====== Given data
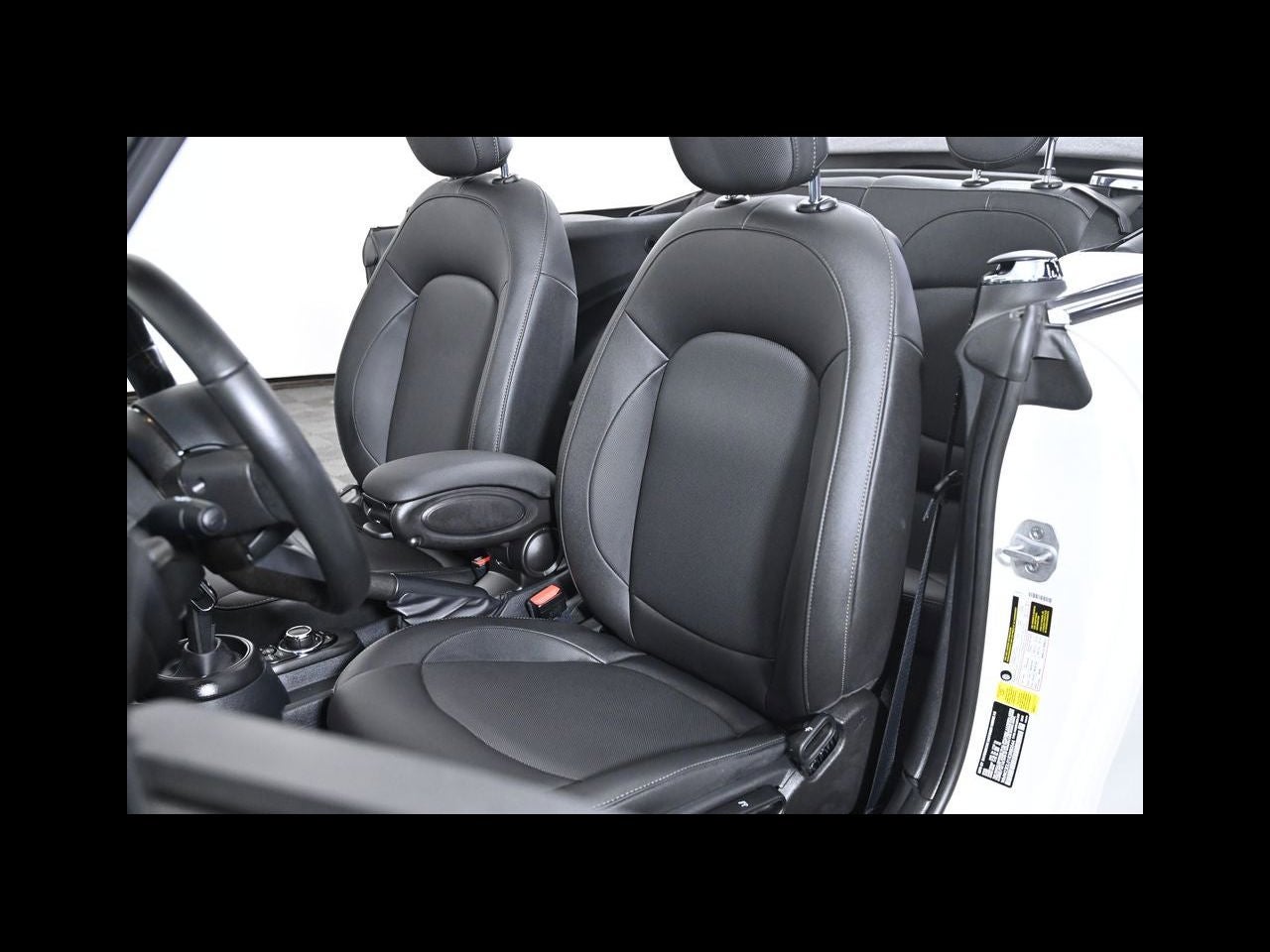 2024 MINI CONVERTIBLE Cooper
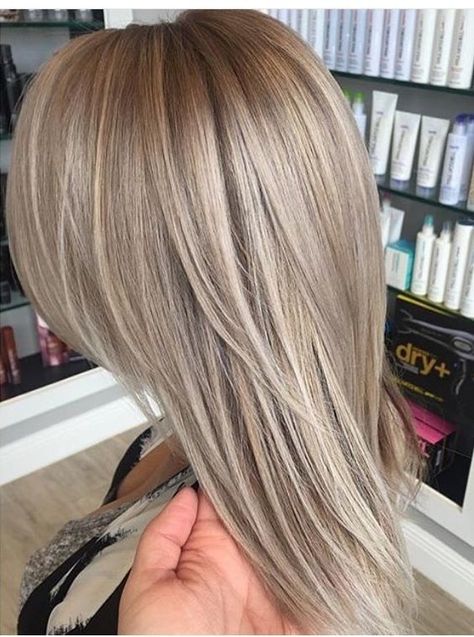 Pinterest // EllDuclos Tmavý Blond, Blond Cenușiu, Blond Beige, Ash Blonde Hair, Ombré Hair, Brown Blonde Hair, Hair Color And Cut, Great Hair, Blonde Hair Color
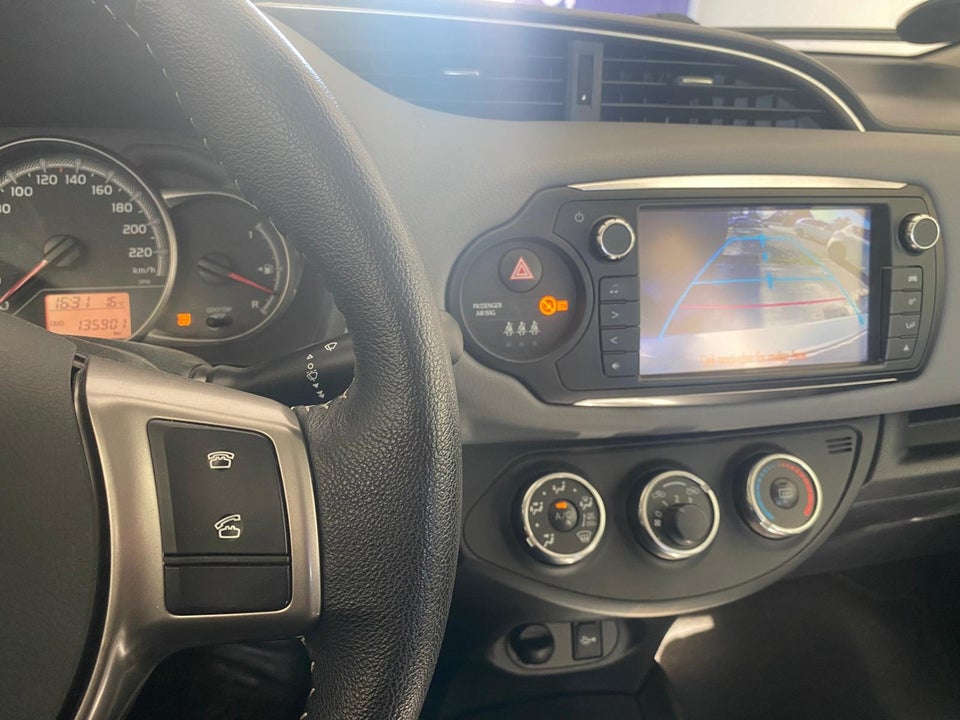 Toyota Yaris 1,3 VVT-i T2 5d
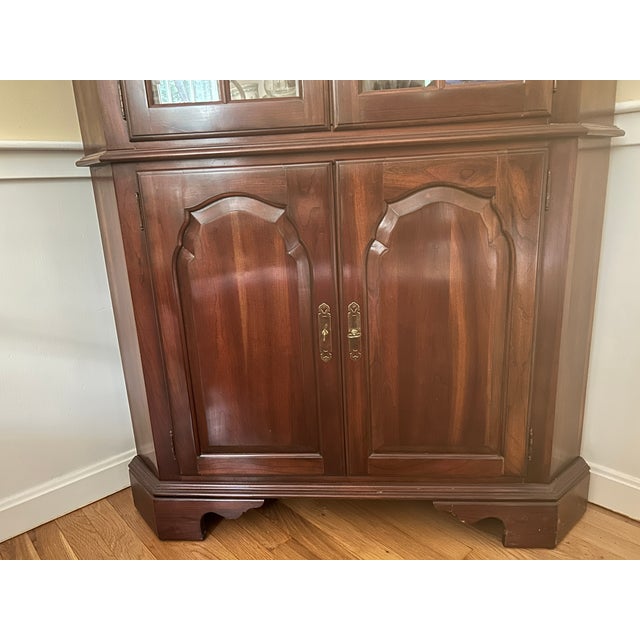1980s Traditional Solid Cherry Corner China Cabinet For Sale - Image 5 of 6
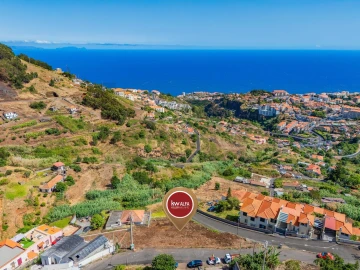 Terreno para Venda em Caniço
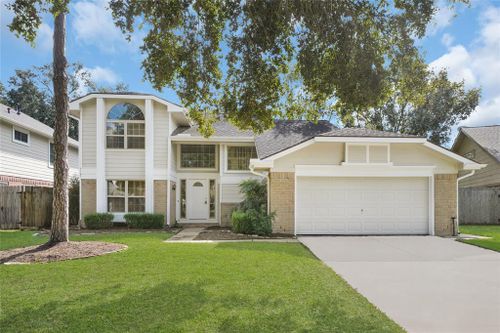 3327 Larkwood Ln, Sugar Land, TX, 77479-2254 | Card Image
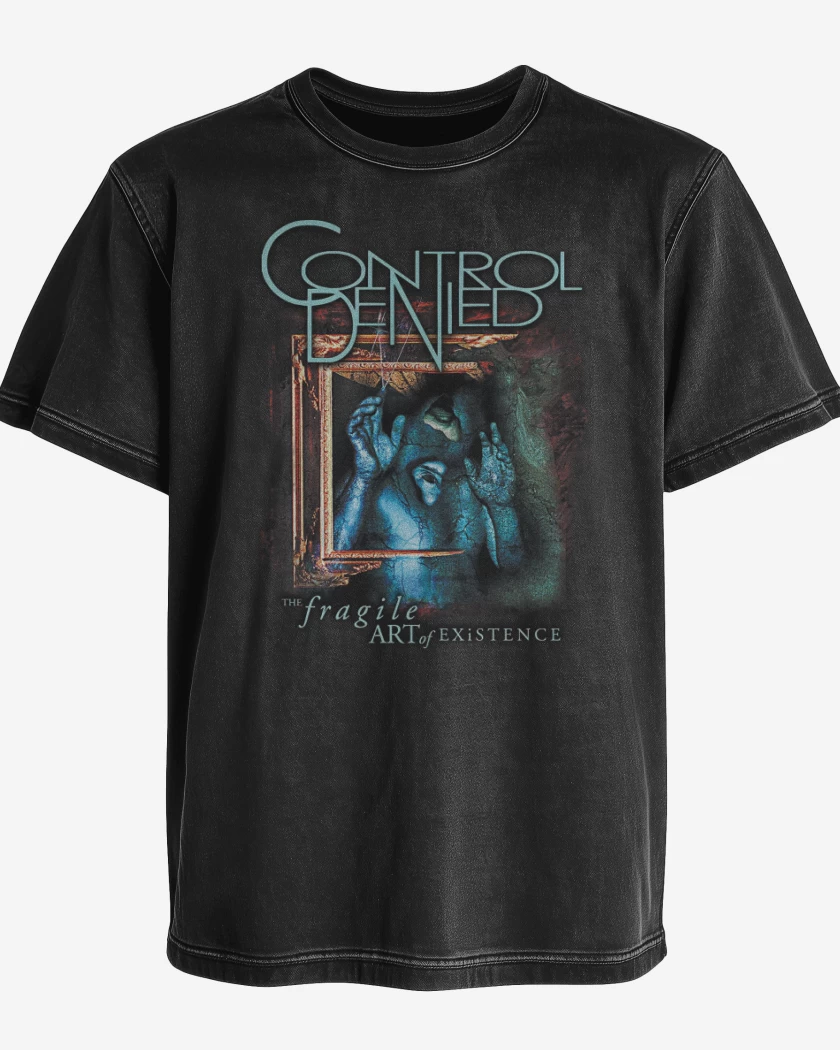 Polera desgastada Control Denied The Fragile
============
====== Given data
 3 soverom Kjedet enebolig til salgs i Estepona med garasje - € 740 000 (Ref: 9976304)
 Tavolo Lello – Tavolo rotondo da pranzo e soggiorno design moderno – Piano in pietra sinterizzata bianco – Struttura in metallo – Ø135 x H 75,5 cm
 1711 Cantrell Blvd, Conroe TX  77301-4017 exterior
============
Task instructions:
Because only one stretch of the records is wanted, please output the lines from the one holding "2024 MINI CONVERTIBLE Cooper" through the one holding "Polera desgastada Control Denied The Fragile" exactly, both included, and leave every picture out.

Result:
 2024 MINI CONVERTIBLE Cooper
 Pinterest // EllDuclos Tmavý Blond, Blond Cenușiu, Blond Beige, Ash Blonde Hair, Ombré Hair, Brown Blonde Hair, Hair Color And Cut, Great Hair, Blonde Hair Color
 Toyota Yaris 1,3 VVT-i T2 5d
1980s Traditional Solid Cherry Corner China Cabinet For Sale - Image 5 of 6
 Terreno para Venda em Caniço
 3327 Larkwood Ln, Sugar Land, TX, 77479-2254 | Card Image
 Polera desgastada Control Denied The Fragile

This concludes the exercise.